Task prompt ▸
Return the data below exactly, but only from the line containing "2x Garden Bed" through the line containing "Lunox Bej Hasır", with both of those lines included.

Given records ▸

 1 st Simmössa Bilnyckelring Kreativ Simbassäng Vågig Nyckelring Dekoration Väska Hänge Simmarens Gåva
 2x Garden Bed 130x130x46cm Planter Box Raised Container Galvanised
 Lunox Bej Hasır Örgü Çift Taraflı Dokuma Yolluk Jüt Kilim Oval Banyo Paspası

==

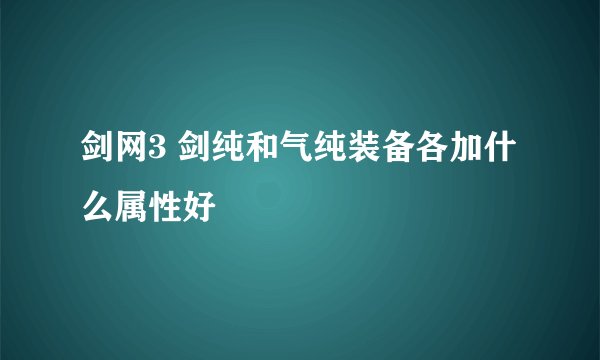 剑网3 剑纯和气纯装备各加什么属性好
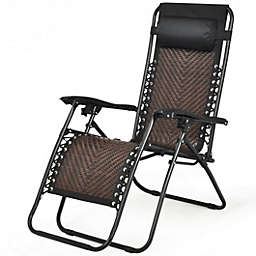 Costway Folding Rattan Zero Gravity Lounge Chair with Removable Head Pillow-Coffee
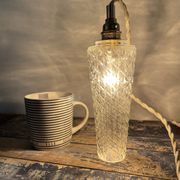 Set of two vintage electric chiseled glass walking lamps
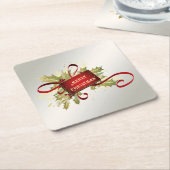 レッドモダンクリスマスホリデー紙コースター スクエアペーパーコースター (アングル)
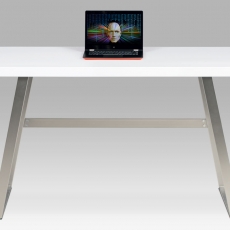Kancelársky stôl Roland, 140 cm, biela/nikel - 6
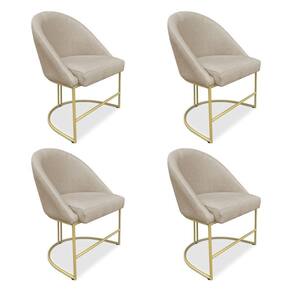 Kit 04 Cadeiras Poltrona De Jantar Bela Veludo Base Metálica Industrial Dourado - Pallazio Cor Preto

Exercise answer ▸
 2x Garden Bed 130x130x46cm Planter Box Raised Container Galvanised
 Lunox Bej Hasır Örgü Çift Taraflı Dokuma Yolluk Jüt Kilim Oval Banyo Paspası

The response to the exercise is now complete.